##### Data records

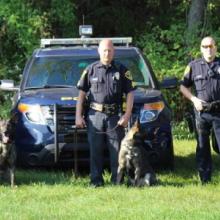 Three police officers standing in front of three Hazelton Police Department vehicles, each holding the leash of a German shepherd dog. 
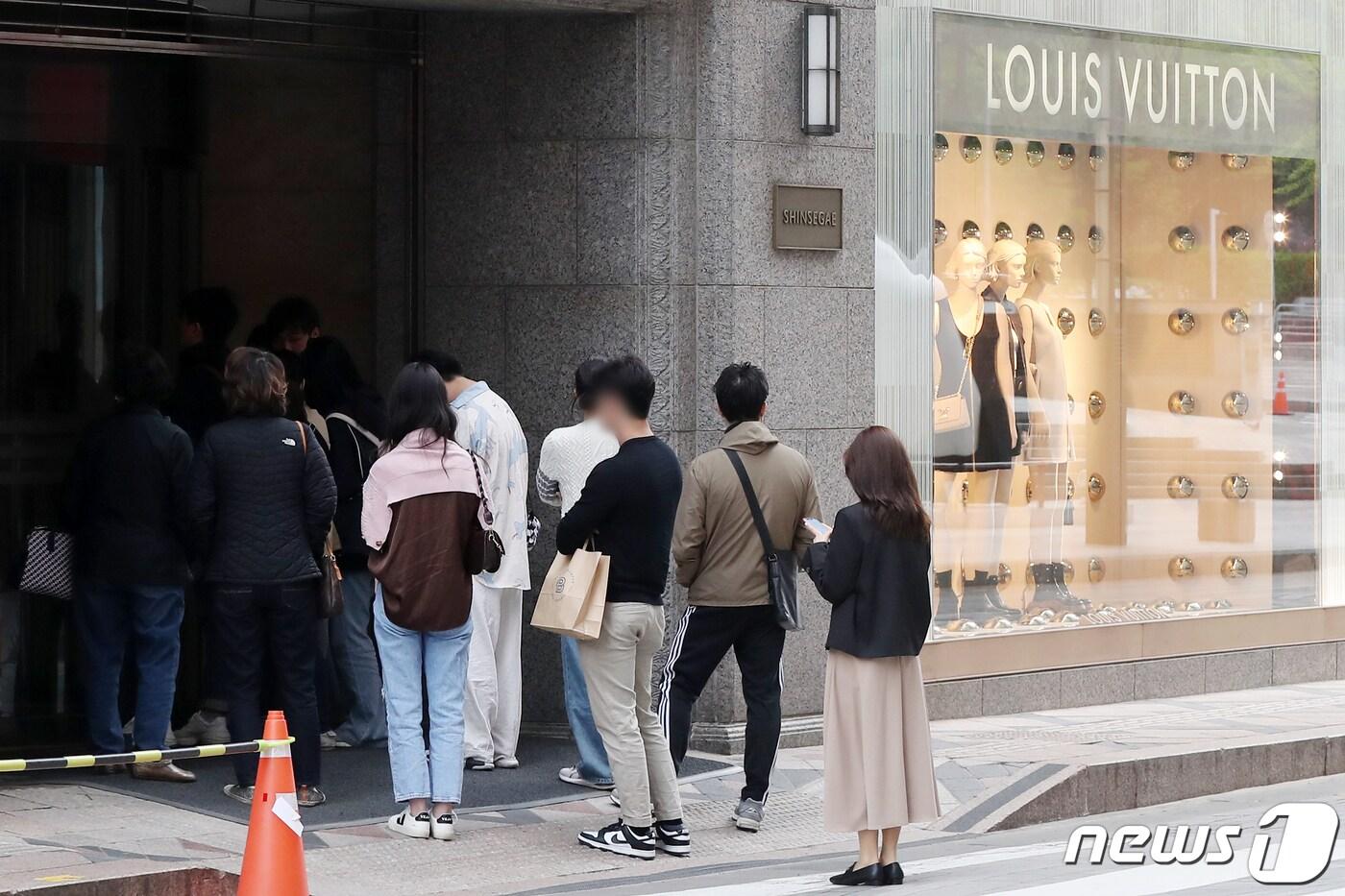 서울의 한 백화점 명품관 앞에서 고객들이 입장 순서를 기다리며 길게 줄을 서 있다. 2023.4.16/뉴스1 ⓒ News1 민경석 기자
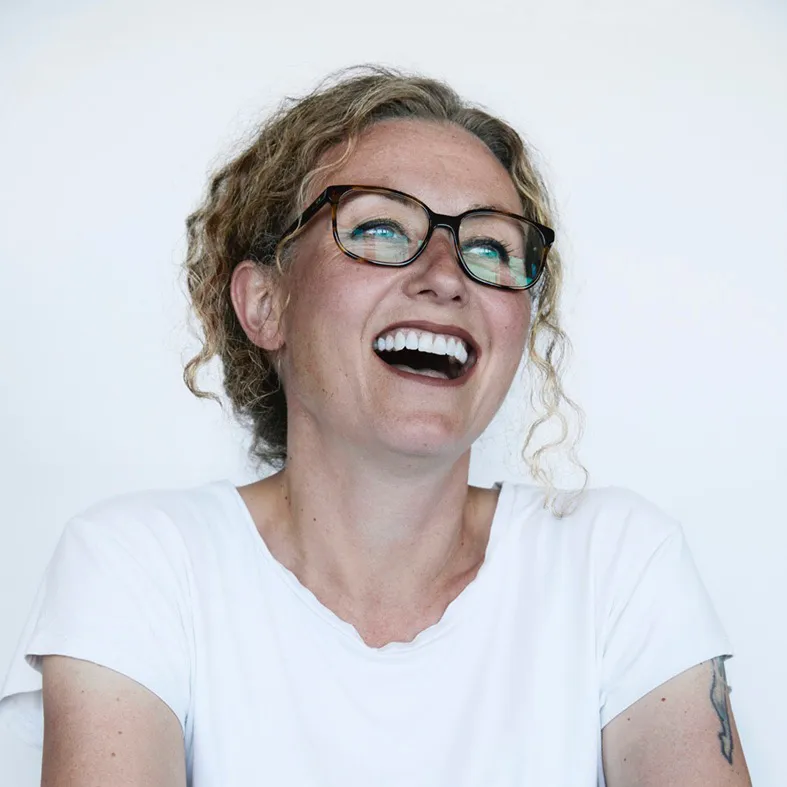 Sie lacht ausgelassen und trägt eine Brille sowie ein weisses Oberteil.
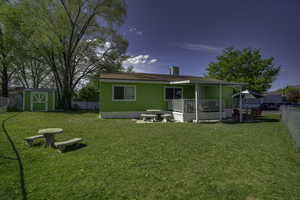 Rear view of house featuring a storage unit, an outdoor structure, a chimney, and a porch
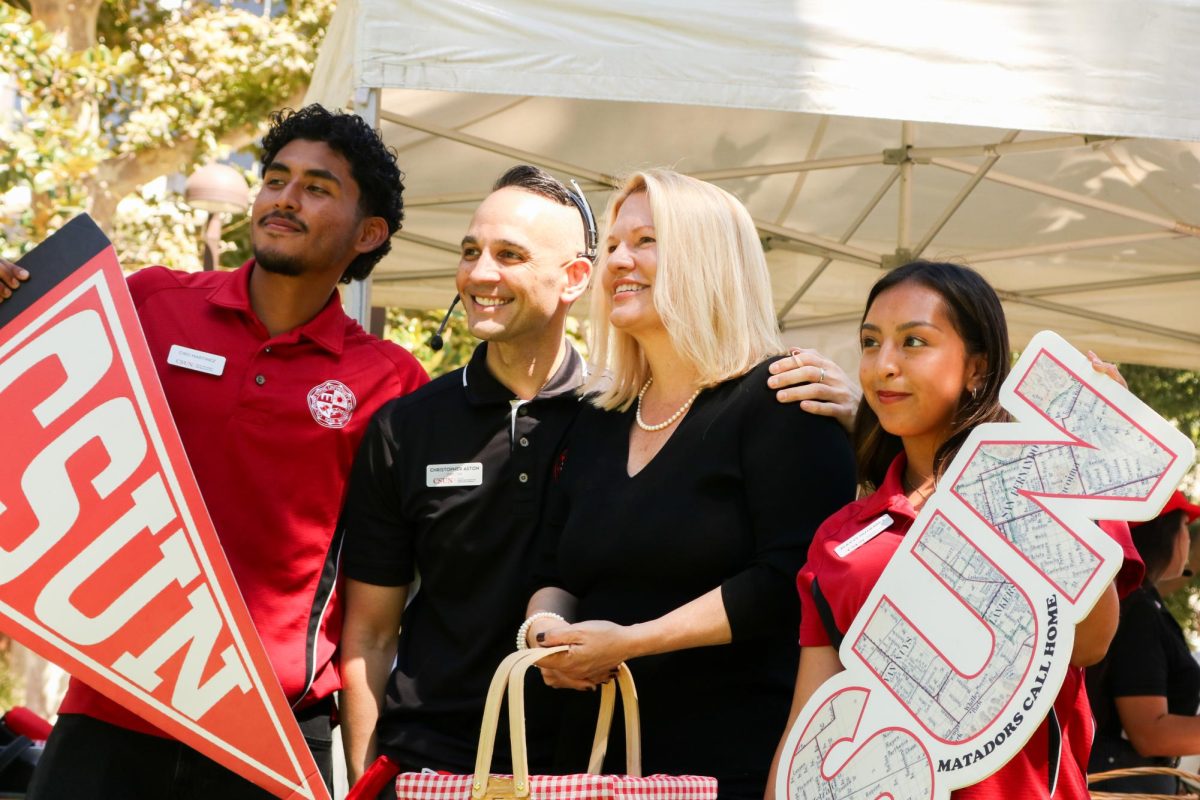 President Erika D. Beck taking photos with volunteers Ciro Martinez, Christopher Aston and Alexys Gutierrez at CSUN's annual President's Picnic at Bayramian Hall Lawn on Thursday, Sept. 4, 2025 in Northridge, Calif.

##########

▶ Exercise directions
Word for word, restate the records above and drop the pictures.

▶ Task solution
 Three police officers standing in front of three Hazelton Police Department vehicles, each holding the leash of a German shepherd dog. 
 서울의 한 백화점 명품관 앞에서 고객들이 입장 순서를 기다리며 길게 줄을 서 있다. 2023.4.16/뉴스1 ⓒ News1 민경석 기자
 Sie lacht ausgelassen und trägt eine Brille sowie ein weisses Oberteil.
 Rear view of house featuring a storage unit, an outdoor structure, a chimney, and a porch
 President Erika D. Beck taking photos with volunteers Ciro Martinez, Christopher Aston and Alexys Gutierrez at CSUN's annual President's Picnic at Bayramian Hall Lawn on Thursday, Sept. 4, 2025 in Northridge, Calif.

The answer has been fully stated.